From Australia’s Jewish past
Nancy Florence Keesing AM – a force in the Australian literary world

Nancy Keesing
Nancy Florence Keesing was born on 7 September 1923 at Darling Point, Sydney. She was the eldest of two daughters of New Zealand-born parents, Gordon Samuel Keesing, an architect, and his wife, Margery, who were prominently involved in Jewish communal life.
Her grandfather, Henry Keesing was associated with the establishment of the Auckland Jewish Synagogue in 1885.
Nancy was educated at Sydney Church of England Girls’ Grammar School, Darlinghurst, and Frensham, Mittagong. Her parents were avid readers, her mother being interested in contemporary poetry and fiction. Nancy remained close to her mother, inheriting her love of books and wrote her own poetry and stories from childhood.
During World War II, Nancy worked as a clerk in the Department of the Navy on Garden Island, a job she described in her 1975 memoir, Garden Island People. She then studied social work at the University of Sydney, completing her degree in 1947 and took up a position at the Royal Alexandra Hospital for Children until 1951. On 2 February 1955, she married Adolphus Marcus (Mark) Hertzberg, a chemical engineer, at the Great Synagogue, Sydney. Nancy retained her Dutch Jewish surname for professional purposes throughout her life. The couple had a daughter and a son.
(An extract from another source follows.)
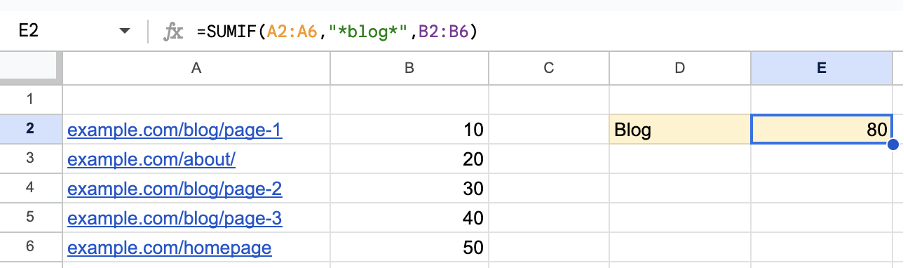 Use SUMIF to calculate performance of URL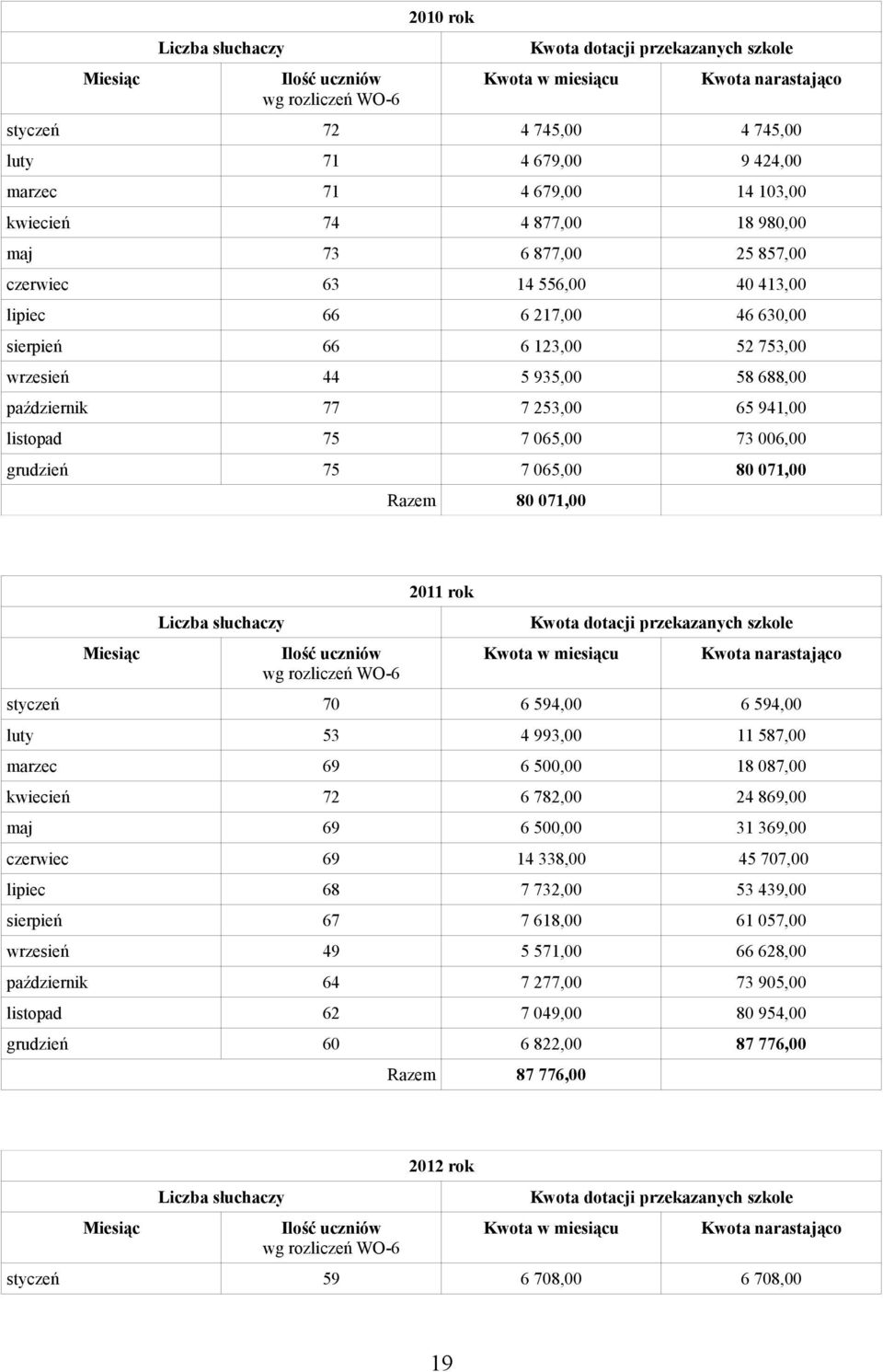 styczeń 70 6 594,00 6 594,00 luty 53 4 993,00 11 587,00 marzec 69 6 500,00 18 087,00 kwiecień 72 6 782,00 24 869,00 maj 69 6 500,00 31 369,00 czerwiec 69 14 338,00 45 707,00 lipiec 68 7 732,00 53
Nancy had already begun to make a name for herself as a poet, with such verse as “Imminent Summer” (included in an anthology of her then Australian poetry published during 1946) and “Manifesto”, a highly commended submission to the Sydney Morning Herald verse competition in 1949. In 1951, she began working with the Sydney magazine, The Bulletin, a long-established Sydney periodical on politics, current affairs, literature, and humour. Nancy had had the opportunity for her poems to be published in the magazine before 1946, when she met Douglas Stewart, the literary editor. She formed a close association with Douglas and Sydney’s literary circles that continued throughout her life. Initially, she worked one day a week, carrying out research for a proposed history of The Bulletin, and later assisting Douglas in the preparation of two jointly edited anthologies, Australian Bush Ballads (1955) plus Old Bush Songs and Rhymes of Colonial Times (1957), which were significant contributions to the reassessment and rehabilitation of iconic Australian verse. “Australian Bush Ballads is a valuable part of our history, but not representing our greatest verse,” she explained in 1953. “We can see that, now that we are far enough away. However, at the time of their writing, chiefly in the ‘90s, ballads were given a false value. This was followed by a revulsion and a campaign against them… which brought about the suppression of many of real interest” (Quoted in The Worker, Brisbane, October 19, 1953). She thus played a pioneering part in plucking old Australian country folksongs out of the oblivion into which they were starting to fall. Identifying the works in question entailed numerous hours on her part trawling through old newspapers and other sources in archives, public and private, typing them out, and then, with editor Douglas Stewart, making a final selection.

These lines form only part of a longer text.